Check if the device is online or offline

Hello,

I am new to openhab and I have a very important question about how I can detect if the remote device is actually connected.

For example, I have an esp32 that sends some data but not at a constant rate, i.e. it sends data only if the sensor detects a signal that is not stable in time.

In the Things tab, I can see the online status, but it does not represent the status of the esp32…i.e. if it is actually connected to the wireless network of the space.

How can I check if the remote device (esp32) is actually connected so that I have an indication in the tab that it is online or offline??

Thanks!

My suggestion is to start with openHAB Network binding.

You’ve possibility to

  • ping or check for open TCP ports
  • channels showing online status, latency and lastseen

I use it personally to check the Smartphone connections in my network as kind of presence detection.

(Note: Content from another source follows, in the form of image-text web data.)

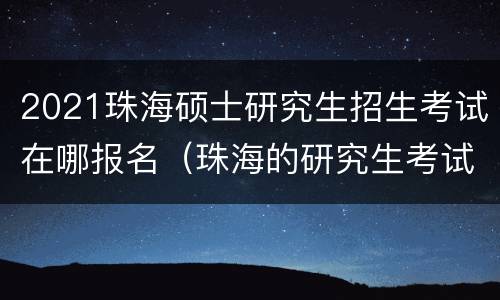 2021珠海硕士研究生招生考试在哪报名（珠海的研究生考试在哪里考）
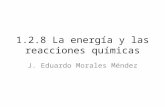 1.2.8 la energia_y_las_reacciones_quimicas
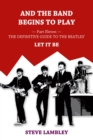 And the Band Begins to Play. Part Eleven: The Definitive Guide to the Beatles' Let It Be - eBook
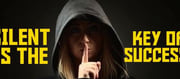 Why silence is the best strategy for success?
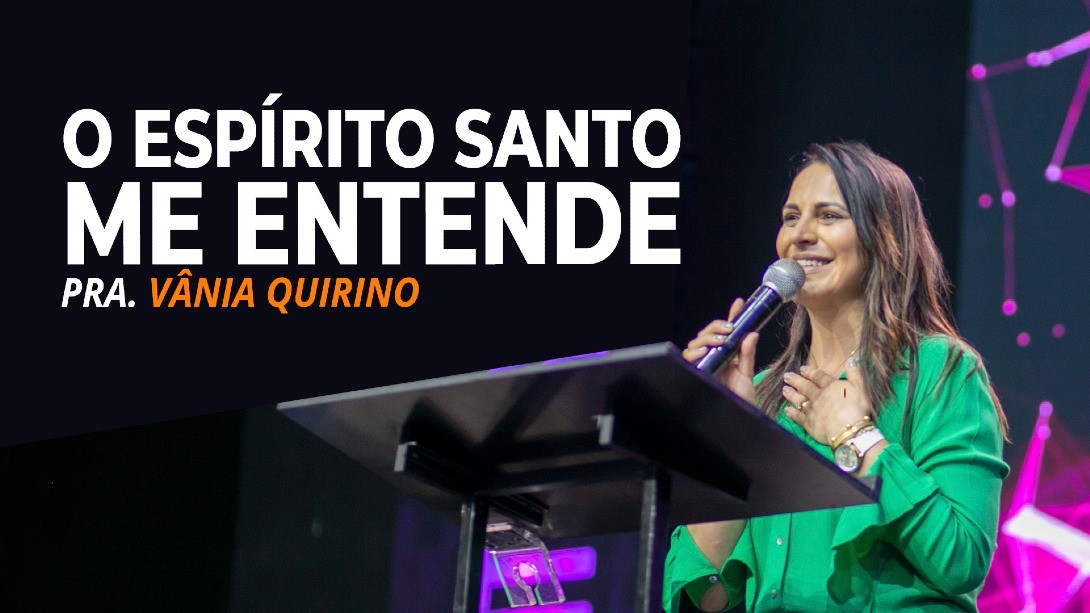 O ESPÍRITO SANTO ME ENTENDE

Okay, I installed the “network binding” and selected “network device with running service”.

I also use mqtt broker with these parameters

Ιn the “hostname” field what should I put?
The IP address is not fixed.

In the port field, should I put 1883 and in the MAC Address field, the one that ESP32 has?

Could you help me?

Same config as MQTT Broker => hostname and port.

But if you have already MQTT Broker thing you don’t need an additional Network Device to check access.
As soon as the mqtt hostname isn’t reachable anymore or the mqtt service isn’t running anymore (for whatever reason) the thing will go OFFLINE.

That will show when the MQTT Broker goes offline but not when the ESP32 goes offline.

@Thanos, how is this ESP32 connected to OH? If it’s via MQTT you can configure the ESP32 to publish a Last Will and Testament (LWT) message. Then the Generic MQTT Thing can be configured to look for that message and set the Thing as OFFLINE when LWT message is present.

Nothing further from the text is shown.